"A PORTRAIT OF PRINCE MIRZA JAWAN BAKHT, COMPANY SCHOOL, LUCKNOW, INDIA, CIRCA 1786; watercolour and gouache on card, with a seated figure dressed in white with green waist sash and turban, holding a sheathed sword, unframed; inscriptions: in ink on the reverse in Urdu: 'the likeness of Mirza Jewan Bakhat'.
This portrait is after a painting of the Mughal prince Jawan Bakht, which was attributed to the celebrated Scottish artist Charles Smith. Smith was a contemporary of Johann Zoffany, and an adventurer-artist who travelled widely throughout India under the protection of his country-man, the Governor-General, John Macpherson. Macpherson, whose arrival in 1785 guaranteed work for Smith, introduced the artist to the Nawabs of areas far removed from central British rule. In this way oil portraits were commissioned from Smith by such Indian dignitaries as the Nawab of Oudh, Asaf-ud-Daula, and the present sitter, Jawan Bakht.
Zoffany is recorded as having produced several portraits of Jawan Bakht, yet only a simple sketch of the Prince within a group portrait has survived. This large, three-quarter length oil painting in a different hand from Zoffany's is however extant today, and is believed to have been executed by Charles Smith (Archer 1979, p.181, no.111). The painting exhibits various features of the latter artist's style, such as the characteristic, unadorned simplicity. Most tellingly however is the portrait's similarity to a miniature by the artist Ozias Humphry (1742-1810), who was concurrently painting miniatures of Smith's patrons at the Nawab's court (Archer 1979, p.186, no.115). This lot is closely comparable to the original oil painting, which was last recorded by Mildred Archer as hanging in an Indian private collection (Archer 1979, p.451, note.4).
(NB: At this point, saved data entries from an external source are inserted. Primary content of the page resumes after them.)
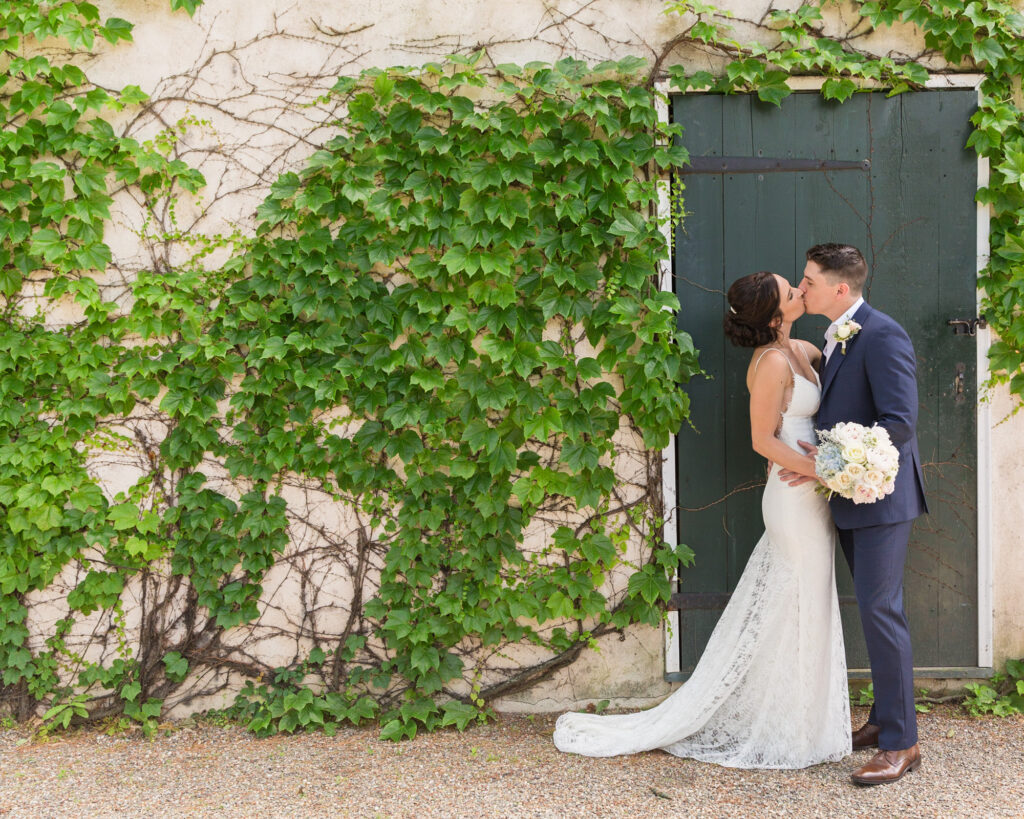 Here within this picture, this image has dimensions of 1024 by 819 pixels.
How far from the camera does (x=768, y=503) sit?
2.87m

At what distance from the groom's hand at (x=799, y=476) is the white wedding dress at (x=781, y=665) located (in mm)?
21

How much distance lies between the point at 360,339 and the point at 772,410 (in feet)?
5.17

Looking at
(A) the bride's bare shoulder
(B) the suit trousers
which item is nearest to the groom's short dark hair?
(A) the bride's bare shoulder

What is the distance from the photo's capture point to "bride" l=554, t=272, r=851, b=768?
2.79 metres

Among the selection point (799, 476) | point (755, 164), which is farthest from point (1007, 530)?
point (755, 164)

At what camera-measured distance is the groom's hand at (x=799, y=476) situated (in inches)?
109

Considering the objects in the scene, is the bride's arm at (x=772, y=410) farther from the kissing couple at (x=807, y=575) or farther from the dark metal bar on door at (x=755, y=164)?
the dark metal bar on door at (x=755, y=164)

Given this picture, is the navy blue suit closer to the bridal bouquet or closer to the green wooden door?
the bridal bouquet

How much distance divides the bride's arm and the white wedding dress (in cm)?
6

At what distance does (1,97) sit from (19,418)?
1265 mm

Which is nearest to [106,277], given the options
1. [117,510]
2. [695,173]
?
[117,510]

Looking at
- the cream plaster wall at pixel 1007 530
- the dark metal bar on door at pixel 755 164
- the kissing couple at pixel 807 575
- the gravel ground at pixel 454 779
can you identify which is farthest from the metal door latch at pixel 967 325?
the gravel ground at pixel 454 779

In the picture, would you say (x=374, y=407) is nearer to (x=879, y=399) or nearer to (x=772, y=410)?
(x=772, y=410)

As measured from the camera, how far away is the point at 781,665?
2838 millimetres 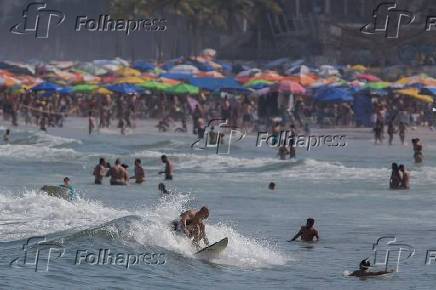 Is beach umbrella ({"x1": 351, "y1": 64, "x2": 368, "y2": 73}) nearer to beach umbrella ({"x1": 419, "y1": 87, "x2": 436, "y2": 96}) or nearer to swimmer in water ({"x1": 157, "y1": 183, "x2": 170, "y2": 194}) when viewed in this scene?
beach umbrella ({"x1": 419, "y1": 87, "x2": 436, "y2": 96})

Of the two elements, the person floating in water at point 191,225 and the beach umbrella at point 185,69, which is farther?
the beach umbrella at point 185,69

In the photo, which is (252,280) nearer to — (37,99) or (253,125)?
(253,125)

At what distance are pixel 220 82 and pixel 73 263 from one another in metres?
46.1

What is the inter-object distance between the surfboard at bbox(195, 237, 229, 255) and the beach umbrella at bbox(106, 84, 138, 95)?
149 ft

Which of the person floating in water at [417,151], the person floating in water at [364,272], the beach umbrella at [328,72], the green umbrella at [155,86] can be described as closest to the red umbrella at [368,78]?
the beach umbrella at [328,72]

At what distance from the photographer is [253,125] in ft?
204

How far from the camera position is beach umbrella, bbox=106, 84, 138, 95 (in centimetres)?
6806

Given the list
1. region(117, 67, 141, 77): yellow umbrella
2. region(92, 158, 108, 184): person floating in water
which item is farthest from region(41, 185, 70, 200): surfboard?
region(117, 67, 141, 77): yellow umbrella

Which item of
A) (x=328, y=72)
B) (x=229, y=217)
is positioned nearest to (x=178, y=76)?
(x=328, y=72)

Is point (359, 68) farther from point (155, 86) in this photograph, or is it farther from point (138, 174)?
point (138, 174)

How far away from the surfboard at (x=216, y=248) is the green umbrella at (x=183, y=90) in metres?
43.2

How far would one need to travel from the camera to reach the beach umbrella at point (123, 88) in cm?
6806

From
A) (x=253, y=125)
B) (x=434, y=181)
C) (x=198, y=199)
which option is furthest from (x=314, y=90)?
(x=198, y=199)

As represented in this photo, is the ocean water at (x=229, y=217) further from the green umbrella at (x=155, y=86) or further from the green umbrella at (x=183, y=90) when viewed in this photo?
the green umbrella at (x=155, y=86) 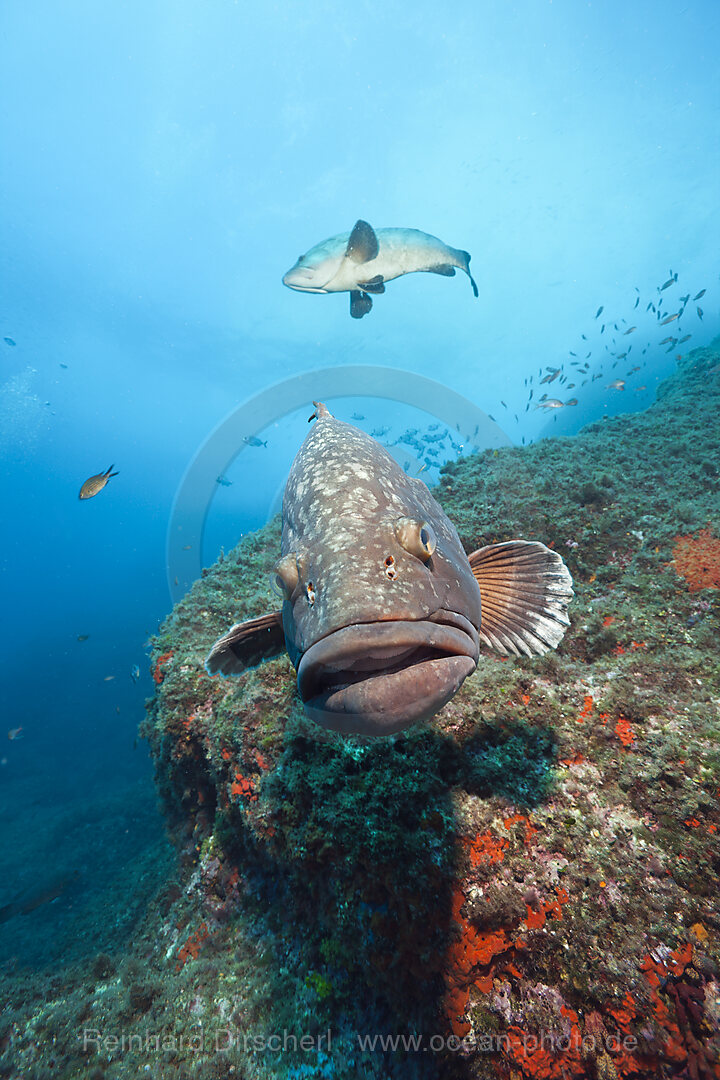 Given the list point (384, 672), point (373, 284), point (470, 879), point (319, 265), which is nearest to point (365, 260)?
point (373, 284)

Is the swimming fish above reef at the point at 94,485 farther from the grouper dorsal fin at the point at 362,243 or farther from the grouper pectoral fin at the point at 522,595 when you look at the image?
the grouper pectoral fin at the point at 522,595

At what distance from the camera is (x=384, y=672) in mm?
1844

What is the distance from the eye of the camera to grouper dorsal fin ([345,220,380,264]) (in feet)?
16.9

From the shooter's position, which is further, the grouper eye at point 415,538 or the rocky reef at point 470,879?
the grouper eye at point 415,538

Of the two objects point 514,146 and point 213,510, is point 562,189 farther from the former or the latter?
point 213,510

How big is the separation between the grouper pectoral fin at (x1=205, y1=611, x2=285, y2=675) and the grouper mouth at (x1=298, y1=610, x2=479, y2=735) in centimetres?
141

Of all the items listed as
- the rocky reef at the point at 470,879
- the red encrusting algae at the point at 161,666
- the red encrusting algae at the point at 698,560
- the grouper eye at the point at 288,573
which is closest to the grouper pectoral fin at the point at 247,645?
the rocky reef at the point at 470,879

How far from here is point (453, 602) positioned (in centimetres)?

Prince Jawan Bakht was the eldest son of the Mughal Emperor Shah Alam, who visited Lucknow in 1784 to ask Warren Hastings' help in freeing his father from the Mahrattas. Hastings wrote that he found the Prince "gentle, lively, possessed of a high sense of humour, of a sound judgement, an uncommonly quick penetration, and a well-cultivated understanding, with a spirit of resignation and an equality of temper almost exceeding any within reach of my own knowledge or recollection"."